Lawrence was dropped from New Futures when it became apparent that the school department and the interagency board overseeing the project could not forge consensus. And officials in other cities, while reporting some success in forging collaboration and helping to mend the troubled lives of some youths and families, say systemic change is still many years away.
"This is tough stuff--it's not going to be a quick fix," said Kathleen J. Emery, executive director of the New Futures project in Dayton.
But many key players still feel they are on the right course.
"I don't think anybody thinks we are on the wrong track," Mr. Van Vleck said.

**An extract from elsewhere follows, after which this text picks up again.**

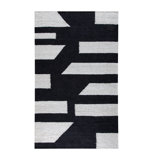 Modern Black White Area Rugs Allmodern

"What has changed," according to a new plan for the second half of Dayton's New Futures project, "is our understanding and acceptance that this is not a 5- or even 10-year effort, but a 15- to 20-year process of retooling and reshaping the youth-service system."
Program officials are hopeful that efforts to help cities gather extensive data on youths and that the dialogues that have begun, the agreements that have been forged, and the new plans that have been charted in recent months will reap long-term gains.

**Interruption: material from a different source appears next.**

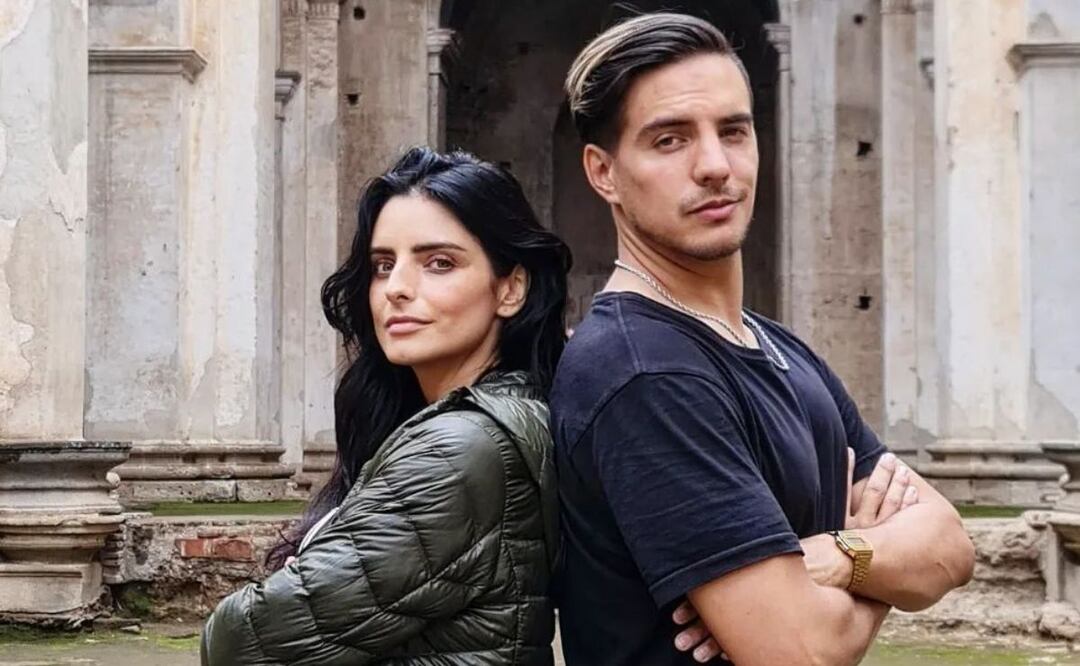 Hermanos Derbez. Fuente: Instagram @vadhird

But while such accomplishments are "a big step forward," Mr. Van Vleck said, "I think we are going to continue to be frustrated with what we can actually measure."
Since project weaknesses and strengths vary from site to site, no one city is representative of the entire effort. But Dayton's experience sheds light on many issues observers say are likely to influence the course for New Futures cities in the next two years.
As at all the project sites, a collaborative organization was formed in Dayton to identify youth problems and barriers to service and to set goals for addressing them. The 20-member body, called New Futures for Dayton Area Youth, includes representatives of youth-serving agencies, the school system and teachers' union, community organizations, universities, hospitals, and businesses.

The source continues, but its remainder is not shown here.